HomeMy WebLinkAbout2002-084 CCRMember Fd Nelson introduced the following resolution and
moved its adoption:
RESOLUTION NO. 2002-84
A RESOLUTION AUTHORIZING THE ISSUANCE, SALE AND DELIVERY OF
MULTIFAMILY HOUSING REVENUE REFUNDING BONDS (GNMA
COLLATERALIZED MORTGAGE LOAN - SHINGLE CREEK TOWER
PROJECT), SERIES 2002; PRESCRIBING THE FORM OF AND AUTHORIZING
THE EXECUTION OF RELATED DOCUMENTS; AUTHORIZING THE USE OF
AN OFFICIAL STATEMENT; AND PROVIDING FOR THE SECURITY,
RIGHTS, AND REMEDIES OF THE HOLDERS OF SAID REVENUE BONDS.
WHEREAS, the City of Brooklyn Center, Minnesota (the "Issuer" or the "City") is a
municipal corporation and political subdivision duly organized and existing under the Constitution
and laws of the State of Minnesota; and
WHEREAS, pursuant to the Constitution and laws of the State of Minnesota,
particularly Minnesota Statutes, Chapter 462C, as amended (the "Act"), the Issuer is authorized to
carry out the public purposes described therein and contemplated thereby in the financing of housing
within its jurisdiction, by issuing revenue bonds and refunding revenue bonds to defray, in whole or
in part, the development costs of a low and moderate income rental housing development, and by
entering into any agreements made in connection therewith and by pledging any such agreements as
security for the payment of the principal of and interest on any such revenue bonds; and
WHEREAS, pursuant to the Act, the Issuer has issued its Multifamily Housing
Revenue Bonds (Shingle Creek Tower Project) Series 1999, in the original aggregate principal
amount of $7,200,000 (the "1999 Bonds"), for the purpose of financing the acquisition and
rehabilitation of a one hundred twenty-two (122) unit qualified residential rental project known as
the Shingle Creek Tower (the "Project") by Boca Limited Partnership, a Minnesota limited
partnership (the "Borrower"), as purchaser of the Project; and
WHEREAS, the Borrower has requested the Issuer to issue its Multifamily Housing
Revenue Refunding Bonds (GNMA Collateralized Mortgage Loan - Shingle Creek Tower Project)

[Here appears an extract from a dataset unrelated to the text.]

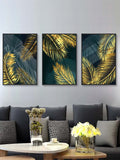 Painting senza cornice con motivo foglia 3 pezzi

Series 2002 (the "Bonds") for the purpose of refunding the 1999 Bonds; and
WHEREAS, the Issuer has on this date conducted a public hearing on the issuance of
the Bonds, after due publication of notice thereof in a newspaper of general circulation in the City;
and
WHEREAS, the Bonds shall be payable solely from amounts pledged therefor under
the Indenture hereinafter referred to, and neither the Issuer (except to the extent of the trust estate
pledged in the Indenture), Hennepin County (the "County") nor the State of Minnesota nor any
political subdivision thereof shall.be liable on the Bonds, and the Bonds shall not be a debt of the
Issuer (except to the extent. of the trust estate pledged in the Indenture), the County or the State of
Minnesota or any political subdivision thereof, and in any event shall not give rise to a charge
RESOLUTION NO. 2002-84
against the credit or taxing power of the Issuer, the County, the State of Minnesota, or any political
subdivision thereof,
NOW, THEREFORE, BE IT RESOLVED BY THE CITY OF BROOKLYN
CENTER, MINNESOTA THAT:
Section 1. The Issuer acknowledges, finds, determines, and declares that the
preservation of the quality of life in the City is dependent upon the maintenance,
provision, and preservation of an adequate housing stock, which is affordable to
persons and families of low or moderate income, and that accomplishing this is a
public purpose.
Section 2. For the purpose of refunding a portion of the 1999 Bonds, thereby
financing a portion of the costs of acquisition, rehabilitation and equipping of the
Project, there is hereby authorized the issuance of the Bonds, in an aggregate
principal amount not to exceed $6,000,000. The Bonds shall bear interest at such
rates, not to exceed 6.5% per annum, shall be in such- denominations, shall be
numbered, shall be dated, shall mature, shall be subject to redemption prior to
maturity, shall be in such form, and shall have such other details and provisions as
are prescribed by the Indenture described herein. The final principal amount and
interest rate shall be determined by the Mayor, in her discretion; provided that the
execution thereof by the Mayor shall be conclusive evidence of such determination.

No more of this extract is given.